Thrombectomy – pulling a clot out of a blocked brain artery – is now the gold-standard treatment for acute ischemic stroke and was invented at UCLA.
After the designation “thrombectomy-capable stroke center” (TSC) was rolled out in 2018 and volumes of the procedure steadily increased, UCLA researchers wanted to better understand the role of TSCs in the U.S. stroke care system.

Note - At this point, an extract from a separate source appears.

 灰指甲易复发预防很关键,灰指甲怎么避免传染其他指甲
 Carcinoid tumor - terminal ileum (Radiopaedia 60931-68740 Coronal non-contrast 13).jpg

“The idea for the study was based on the relatively newly introduced level of certification for stroke centers, which was launched due to the overwhelming evidence of the benefit of thrombectomy,” explains Radoslav Raychev, MD, assistant clinical professor of neurology at UCLA and lead author.
“At UCLA, we wondered, ‘What is the impact [of the designation]? How do we increase access to treatment?’ It inspired us to really look at the guidelines, the national database and the capabilities of thrombectomy-capable centers to understand whether this designation benefits stroke patients, and what the potential deficiencies are in other centers. Most importantly, we were looking to improve stroke care nationwide and worldwide.”
UCLA has pioneered systems of care processes in parallel with procedural and scientific innovation, notes Dr. Raychev, highlighting the institution’s ongoing interest in addressing stroke care beyond the doors of their state-of-the-art center.
Dr. Raychev, along with Jeffrey Saver, MD, director of the UCLA Comprehensive Stroke and Vascular Neurology Program, set out to explore the difference in quality of care and clinical outcomes of reperfusion therapies to restore blood flow among primary stroke centers (PSCs), comprehensive stroke centers (CSCs) and TSCs.